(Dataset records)
<<<<

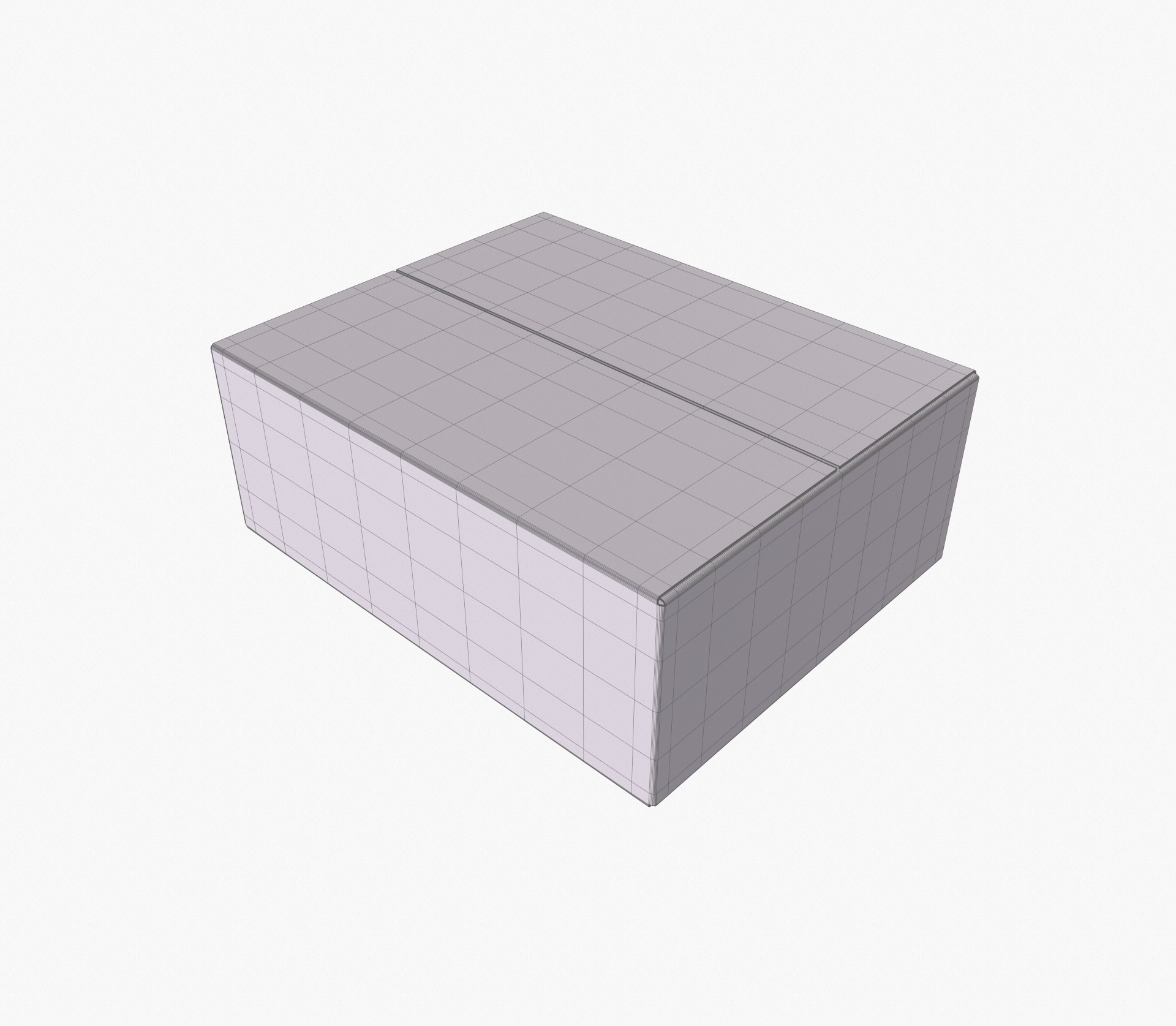 Cardboard box sealed 1 3D model_8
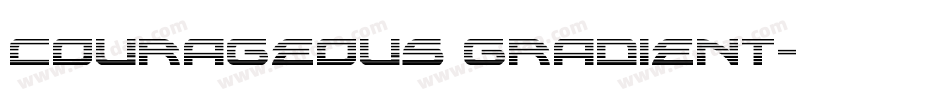 Courageous Gradient字体转换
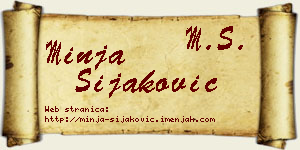 Minja Šijaković vizit kartica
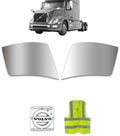 Bumper Corners Chrome Trim Set 2004-2015 Volvo VNL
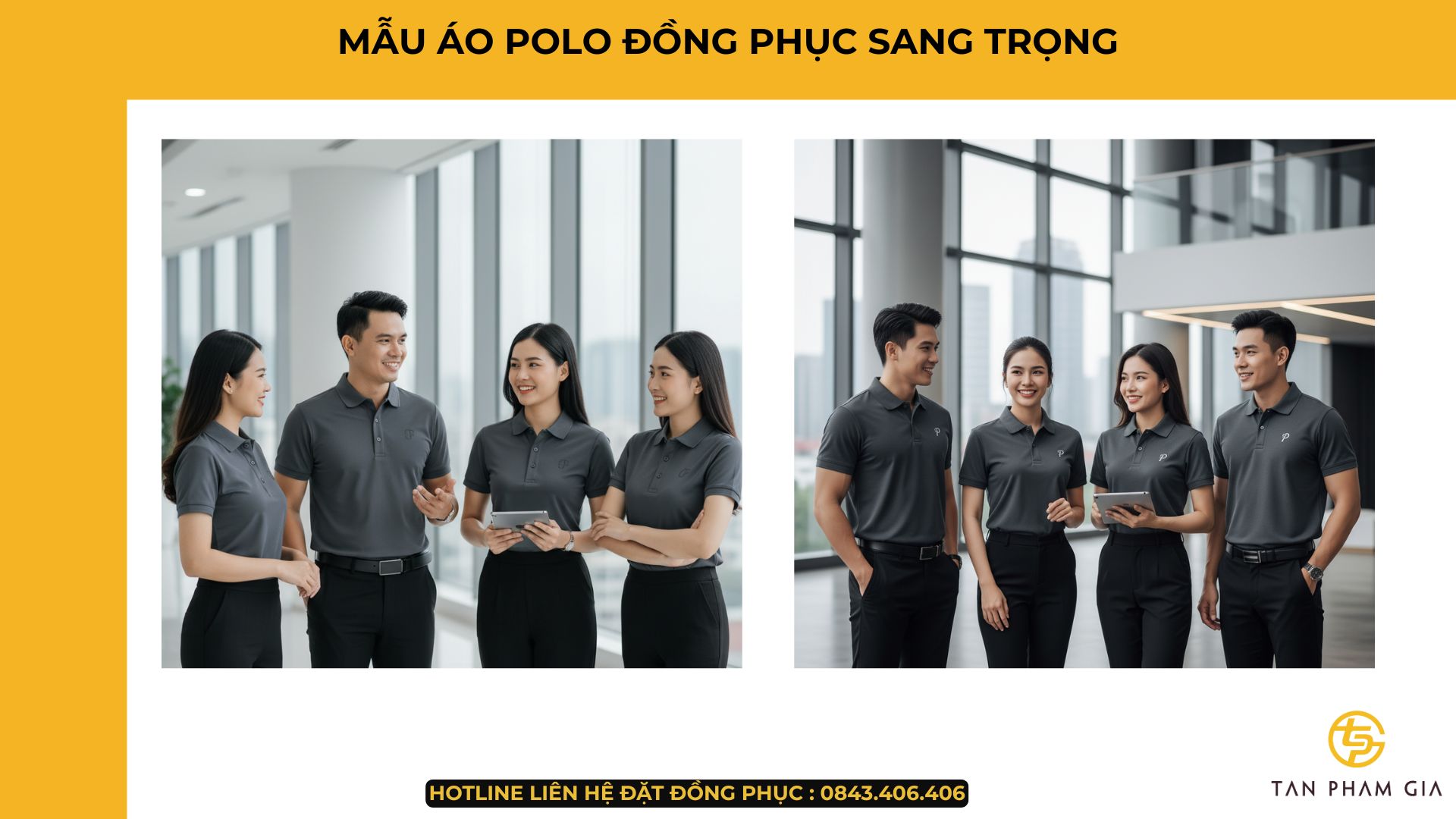 Mẫu Áo Polo Đồng Phục Sang Trọng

>>>>

## TASK OBJECTIVE
Your reply should be the entries copied exactly, with all images omitted.

## WRITTEN RESPONSE
 Cardboard box sealed 1 3D model_8
 Courageous Gradient字体转换
 Minja Šijaković vizit kartica
 Bumper Corners Chrome Trim Set 2004-2015 Volvo VNL
 Mẫu Áo Polo Đồng Phục Sang Trọng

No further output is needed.